Provided by Ron Marinucci
With credit and apologies to both William Shakespeare and John Steinbeck, this has been the winter of my discontent. Normally winter is my favorite running season. The cold doesn’t bother me. I merely bundle up with several layers of clothes and out I go. If the temperatures drop below 10 or 15 degrees, I’ll toss on a second pair of gloves or mittens and don a ski mask.
I love the crispness of the winter air. Running in a soft snowfall can’t be beaten. It’s so very beautiful!

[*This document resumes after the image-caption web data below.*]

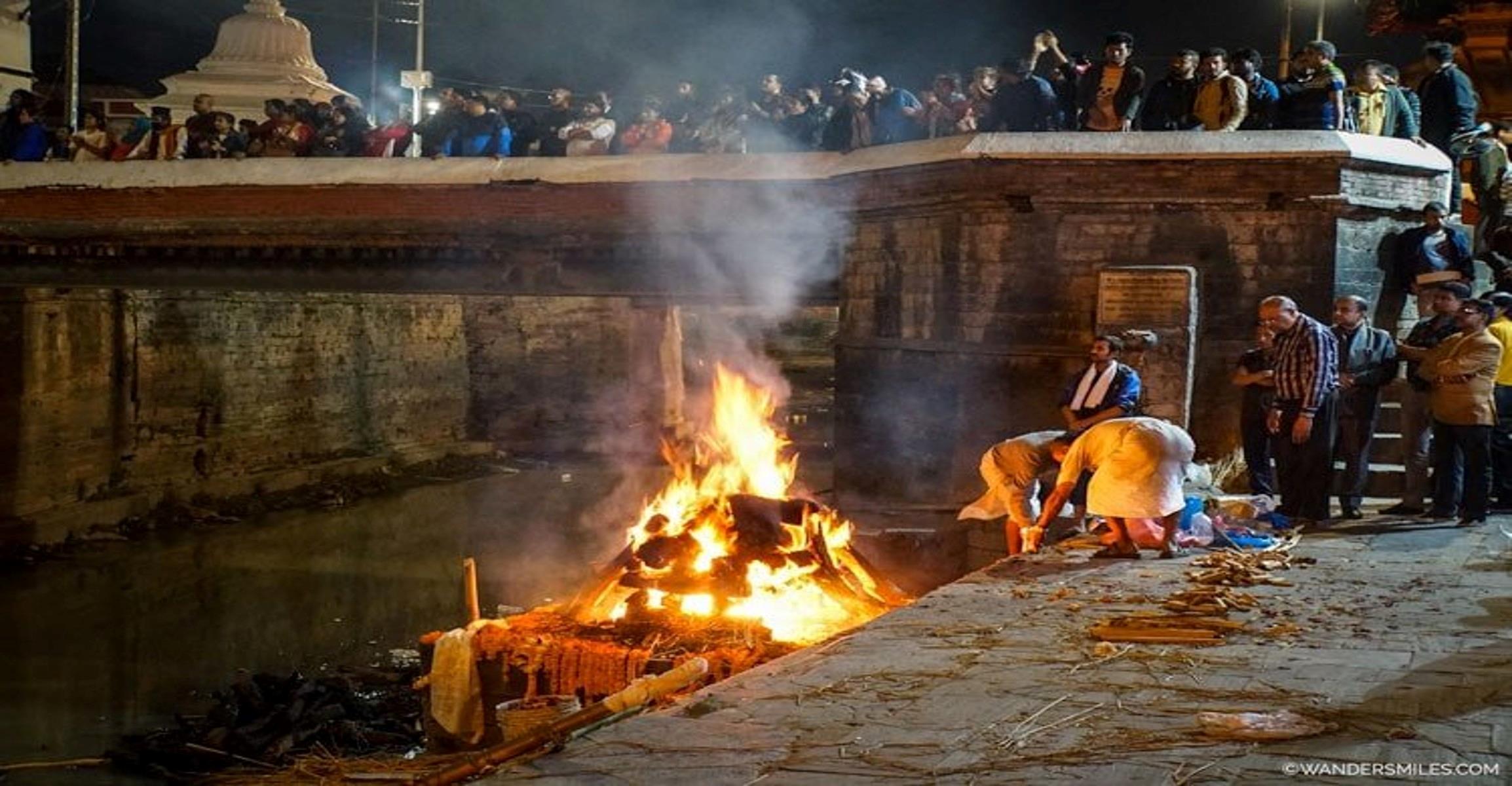 Cremation-Rites-in-Kathmandu-2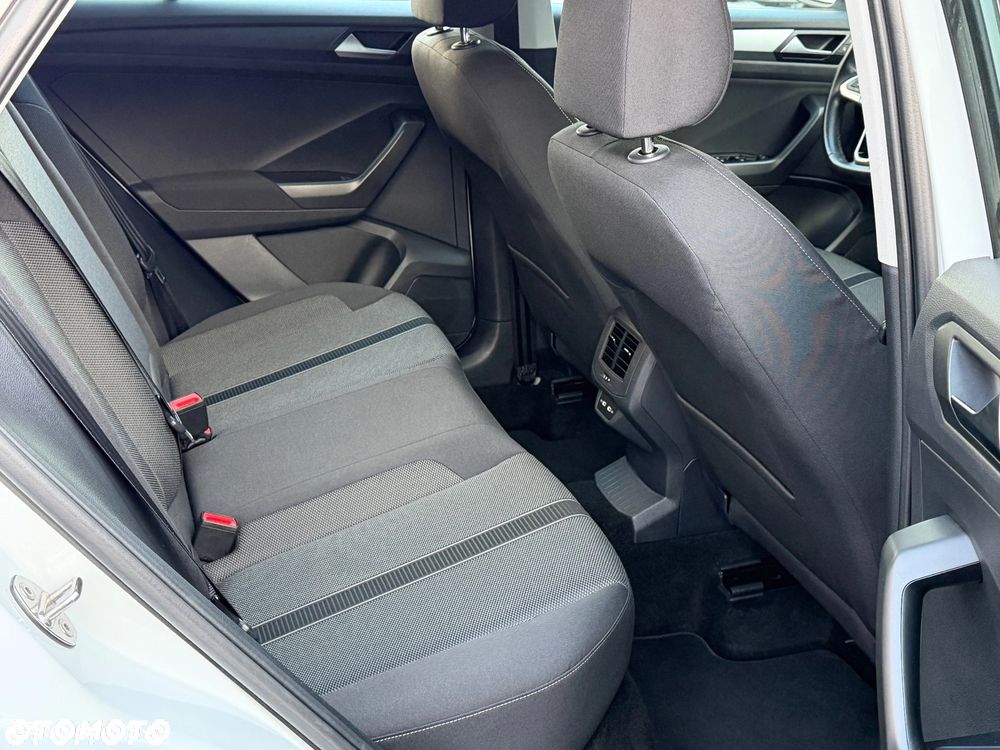 Volkswagen T-Roc - 36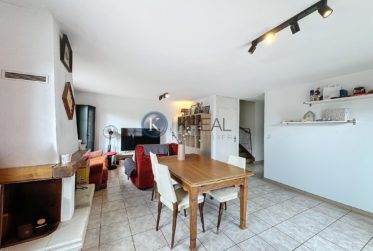 Charmante maison jumelée : 5.5 pièces, quartier résidentiel calme, à visiter !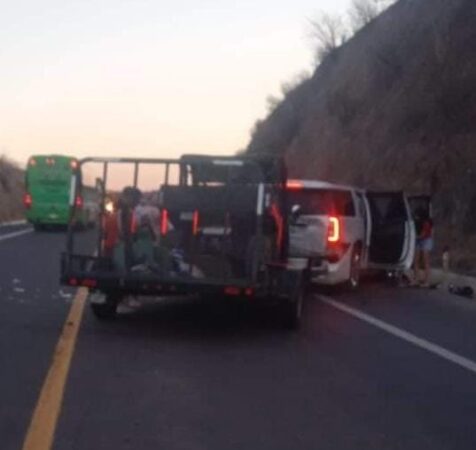 Al menos 8 personas resultaron #lesionadas al #chocar dos #camionetas en la autopista #SigloXXI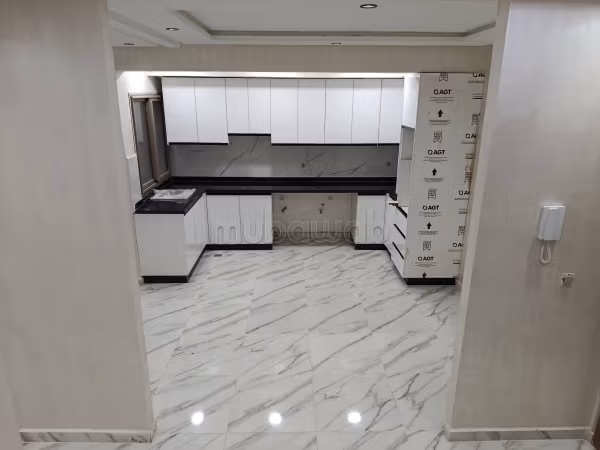 Appartement te koop in Mhamid. 6 kamers. Inbraakveilig, beveiliging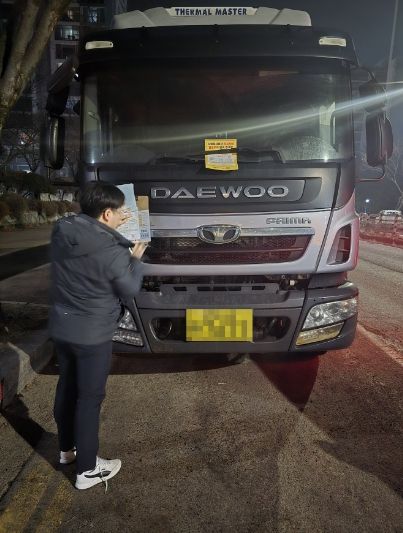 대형차량 불법 밤샘주차 단속 모습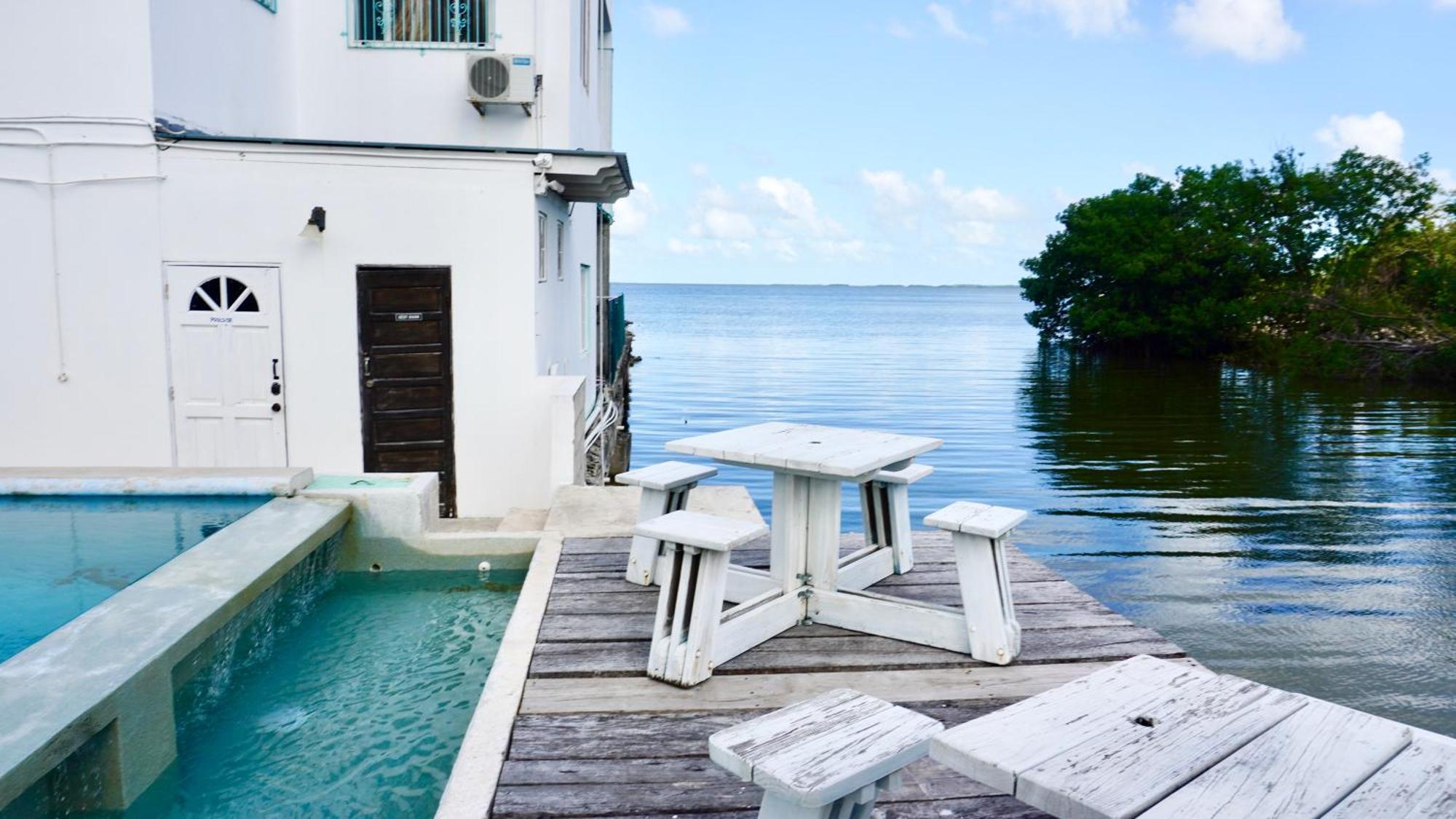 בליז סיטי See Belize Waterside Sea View Apartment With Infinity Pool & Overwater Deck מראה חיצוני תמונה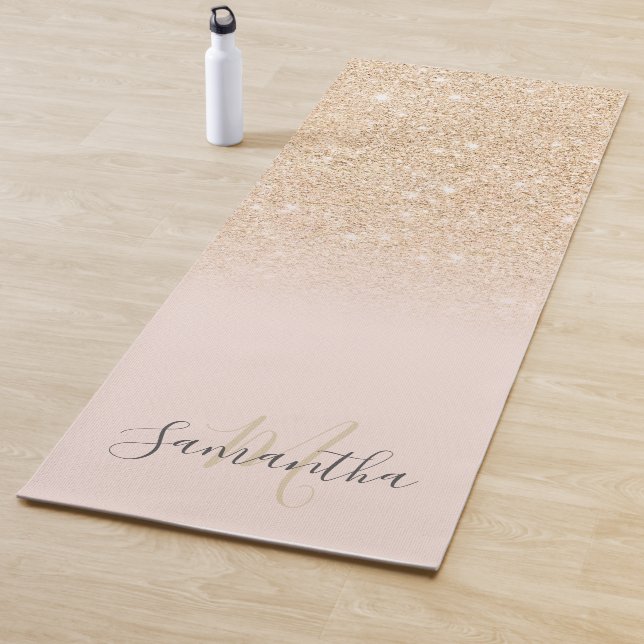 Tapis De Yoga Parties scintillant d'or gris foncé rose monogramm (En situation)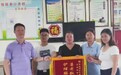 泰和一七旬老人突然倒下 敬老院工作人員跑出生死時速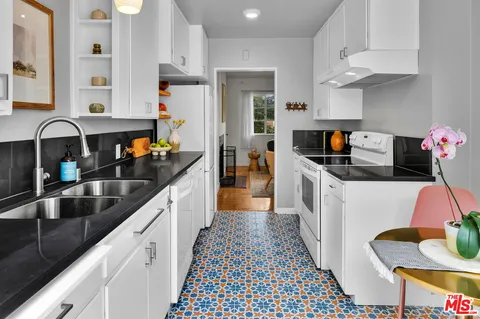 $685,000 | 5226 Village Green, Los Angeles, CA 90016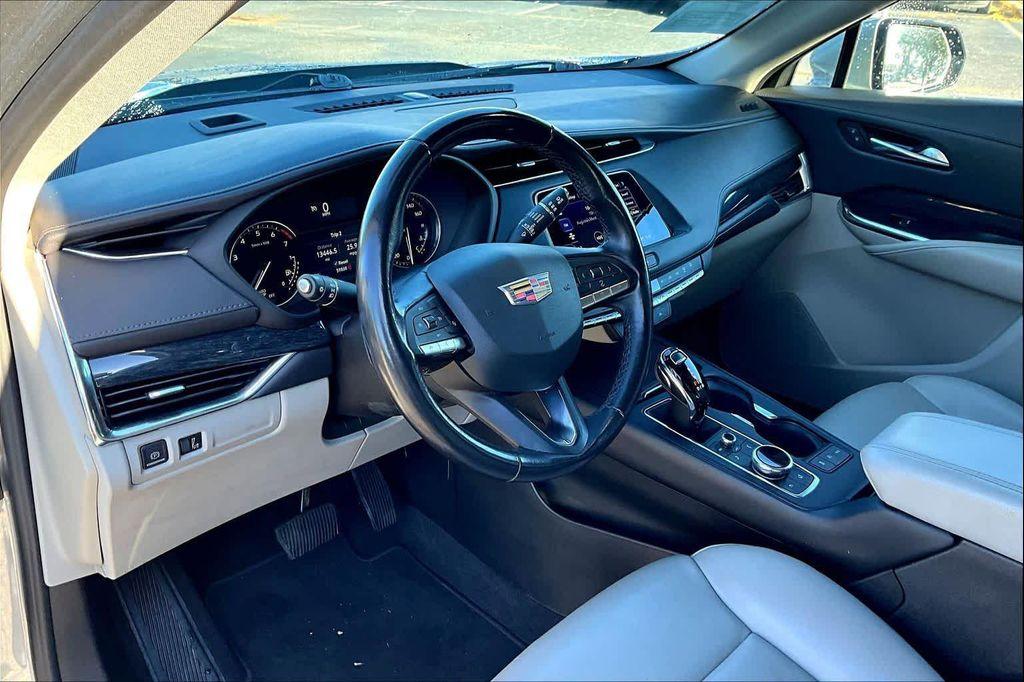 used 2023 Cadillac XT4 car, priced at $24,998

But back to my “discontent.” This has not been a good winter of or for running for me. I can only speak for me; others may have found the past few months to be much better than usual for the state of Michigan. For instance, I can remember only one run in that softly falling snow and that seemed to be a squall that ended quickly. Yet it’s been more than that.
While most folks celebrated the often warmer than seasonal temperatures, I haven’t been one of them. Where I usually run—the trails, back roads of dirt and gravel, and the shoulders of primary roads—has been conducive to good or easy running. The trails, usually snow-covered, are mostly ice. The back roads and shoulders have been, alternatively, too mushy or full of deep ruts.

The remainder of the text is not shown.